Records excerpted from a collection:
====
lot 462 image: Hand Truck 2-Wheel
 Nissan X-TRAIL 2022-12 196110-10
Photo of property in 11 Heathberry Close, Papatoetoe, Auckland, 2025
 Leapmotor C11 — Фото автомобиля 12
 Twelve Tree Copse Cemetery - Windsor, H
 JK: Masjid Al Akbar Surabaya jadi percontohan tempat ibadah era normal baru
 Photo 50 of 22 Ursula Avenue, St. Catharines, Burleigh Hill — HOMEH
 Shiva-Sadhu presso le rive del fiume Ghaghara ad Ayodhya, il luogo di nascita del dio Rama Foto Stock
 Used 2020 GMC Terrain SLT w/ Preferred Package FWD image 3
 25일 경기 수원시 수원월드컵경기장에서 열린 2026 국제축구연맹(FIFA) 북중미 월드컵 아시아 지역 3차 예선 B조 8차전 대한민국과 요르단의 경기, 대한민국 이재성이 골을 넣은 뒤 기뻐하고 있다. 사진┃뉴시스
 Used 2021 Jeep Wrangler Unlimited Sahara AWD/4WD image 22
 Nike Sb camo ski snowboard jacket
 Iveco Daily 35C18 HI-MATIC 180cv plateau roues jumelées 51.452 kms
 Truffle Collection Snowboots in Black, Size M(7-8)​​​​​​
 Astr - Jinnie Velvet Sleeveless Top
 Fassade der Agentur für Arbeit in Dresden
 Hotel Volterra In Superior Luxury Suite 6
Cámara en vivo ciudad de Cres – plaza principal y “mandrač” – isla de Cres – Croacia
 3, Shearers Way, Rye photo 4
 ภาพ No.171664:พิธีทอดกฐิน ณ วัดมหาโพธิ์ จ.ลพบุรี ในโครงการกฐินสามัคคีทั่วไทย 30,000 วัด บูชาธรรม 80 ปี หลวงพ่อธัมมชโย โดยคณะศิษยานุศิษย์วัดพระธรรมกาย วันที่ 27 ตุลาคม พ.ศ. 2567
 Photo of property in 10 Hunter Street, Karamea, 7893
====
#### TASK DETAILS
In the entries above, find each line with the word "property" and return it.

#### SOLUTION
Photo of property in 11 Heathberry Close, Papatoetoe, Auckland, 2025
 Photo of property in 10 Hunter Street, Karamea, 7893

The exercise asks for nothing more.